▸ **PROBLEM**
When you reproduce the data, keep every word exactly as it stands and leave the pictures out.

▸ **SOURCE MATERIAL**

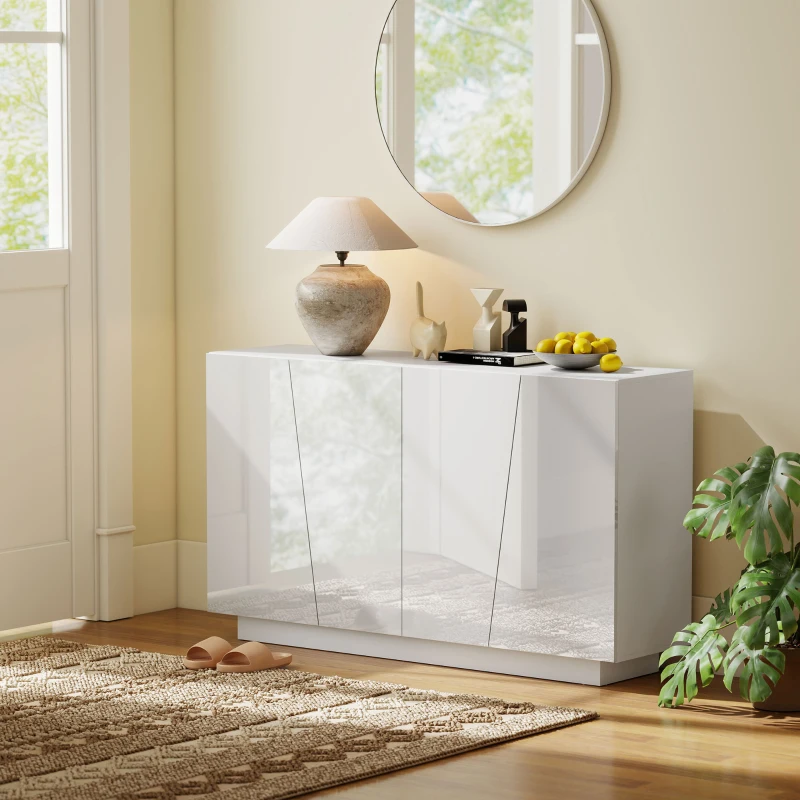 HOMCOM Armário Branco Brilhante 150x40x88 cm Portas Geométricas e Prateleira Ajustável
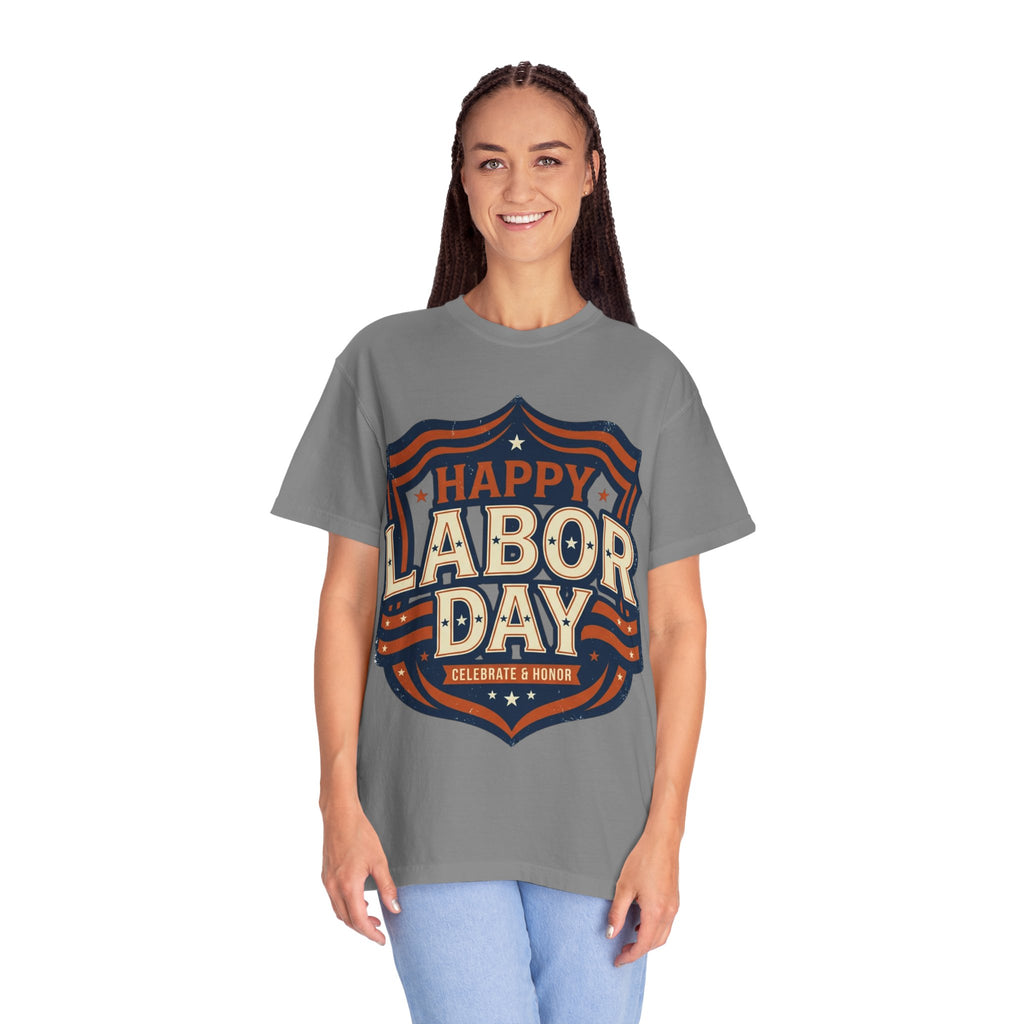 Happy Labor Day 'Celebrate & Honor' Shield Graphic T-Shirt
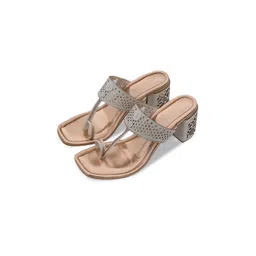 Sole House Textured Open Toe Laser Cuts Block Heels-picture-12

▸ **RESPONSE TO THE TASK**
 HOMCOM Armário Branco Brilhante 150x40x88 cm Portas Geométricas e Prateleira Ajustável
 Happy Labor Day 'Celebrate & Honor' Shield Graphic T-Shirt
 Sole House Textured Open Toe Laser Cuts Block Heels-picture-12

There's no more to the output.